T keeps telling me how strong I am to have stuck it out but after my session yesterday, my first reaction was that those other women who left were actually stronger and healthier. That maybe they didn't want to leave therapy but they felt the wall and knew they weren't getting what they wanted or needed. Or maybe not. Maybe they wound up in some other therapist's office feeling like s**t, like they did something wrong. Which is what would have happened to me if things didn't turn around.
But I did see it as a weakness on my part. I felt the wall on some level but instead of processing it, fell into utter despair, hopelessness and inertia.
I did at least have you guys and all the stuff on the internet that reassured me that the transference stuff was all normal. If it wasn't for that, I would have been hospitalized for sure. (I was on the verge.)
My T and I have been painstakingly going over every aspect of what went on between the two of us and he has been consistently supportive and open. He told me that he knows he's part of my pain now. The truth is that the stuff that happened between the two of us wasn't because of the way he felt about me, that I was repulsive. It was that he didn't know how to deal with it and wasn't taking it out and looking at it for himself.
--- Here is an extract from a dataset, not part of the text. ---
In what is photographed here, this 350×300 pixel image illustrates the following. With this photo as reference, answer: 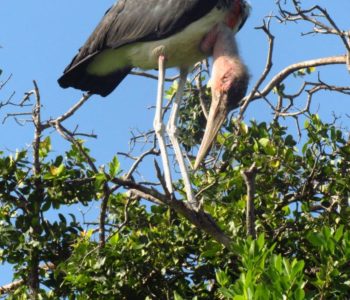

My sense over the past 5 months is that he's done some serious soulsearching and reading and perhaps consulting and that he is either up to speed or getting up to speed with it all. Honestly, the sign of a true professional is to be able to admit mistakes because we will all make them. An amateur would try to cover it up.
I think I am okay with him and my therapy. Things have really turned around and I do actually think the relationship is much better than it ever was.
I'm not sure what's bothering me. I think I am questioning why am I the one who stayed? What is wrong with me that made me stay? (It is eerily familiar as the story of my life.) Is it just simply that my attachment injury was preverbal and I just didn't/don't have the ability to deal with all of this on a more rational level or at the very least a more verbal level? Do I have a much less developed sense of self than the others? Or as T says, strength and persistence? Or a combination of both?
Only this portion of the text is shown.